Since the insurance company refused to pay, Lesniak was stuck with a $145,000 bill. He filed suit against the city and its insurer in January 2015. When they got to court, the city and United asserted that the city, and by extension its health insurance company, had governmental immunity. The district judge in Travis County didn’t buy that argument, but the defendants appealed to the 3rd Court of Appeals, which overturned the district judge’s decision, ruling that Lesniak and other city employees could not file suit over failure to honor insurance claims.
In 2017, the Texas Supreme Court declined to hear the case, and as a result, the decision of the appeals court is now the last word on whether government employees can appeal when their employers and health insurers deny their claims.
Following that decision, Austin Sen. Kirk Watson filed legislation to change the law so that governmental employees could sue when their claims are denied. However, Watson’s bill never even got a hearing.
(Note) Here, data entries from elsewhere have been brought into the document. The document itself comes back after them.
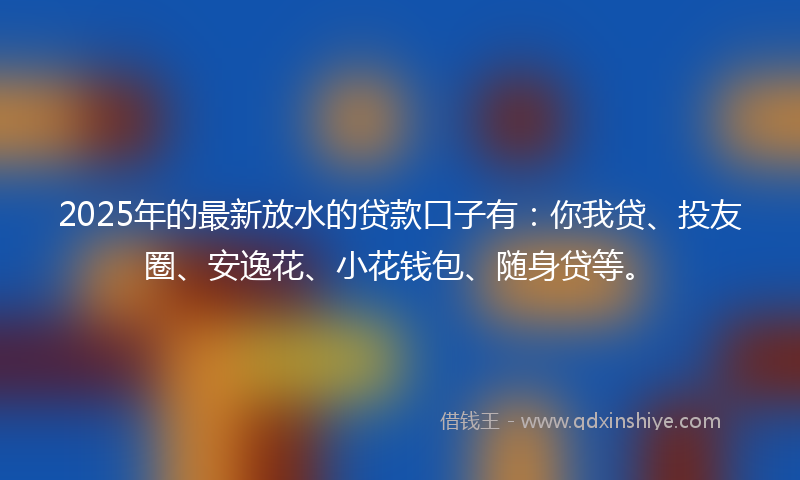 2025年的最新放水的贷款口子有：你我贷、投友圈、安逸花、小花钱包、随身贷等。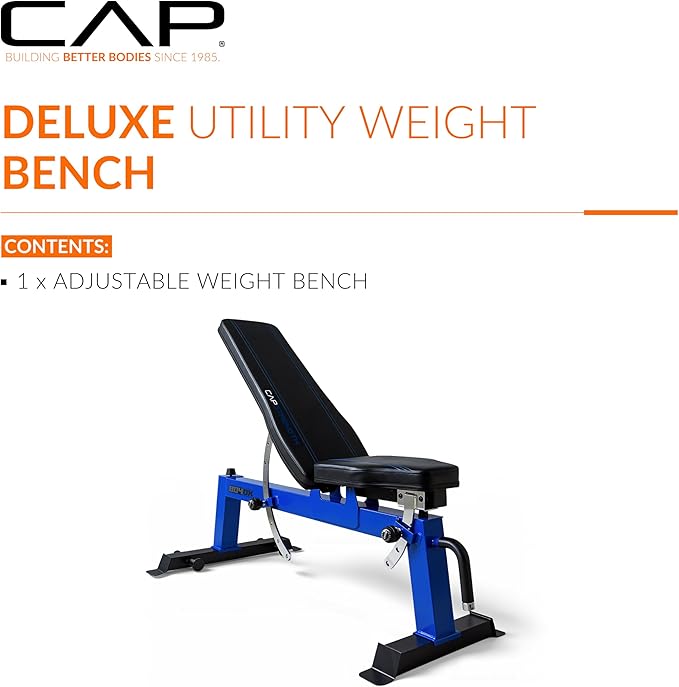 Cap Barbell Deluxe Utility Weight Bench Color Series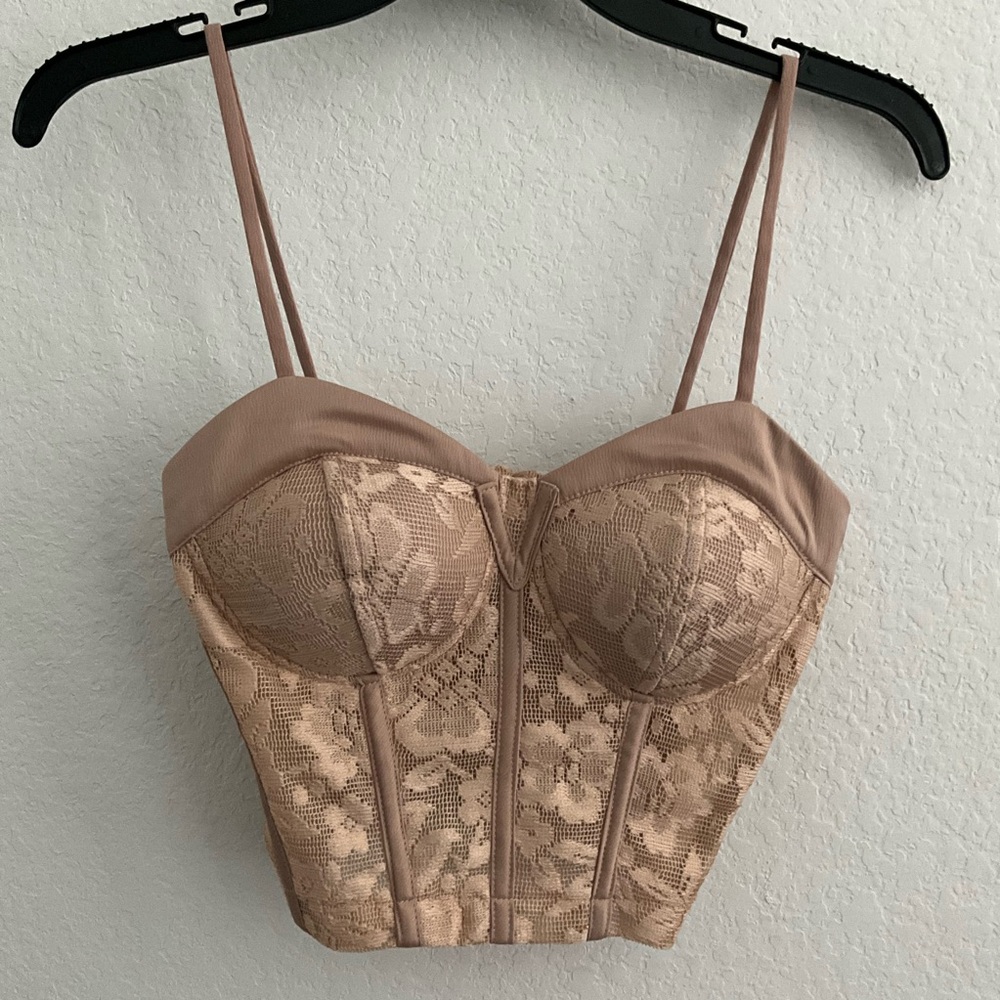 VM Women Cream Beige Floral Lace Bustier Corset Crop Tube Tank Cami Top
Last summer, Watson told the Austin American-Statesman, “As a result of this failure, public employees around the state are at the complete mercy of their employer and the private insurance companies they hired to provide employee benefits. The state’s failure to protect those benefits will negatively impact our communities for years to come.”
The city opposed Watson’s bill, and Lesniak wants Council to direct its legislative team to support such legislation in 2019.
However, Adler told the Austin Monitor he is not ready to take that step until after City Manager Spencer Cronk comes back with a recommendation to Council in November.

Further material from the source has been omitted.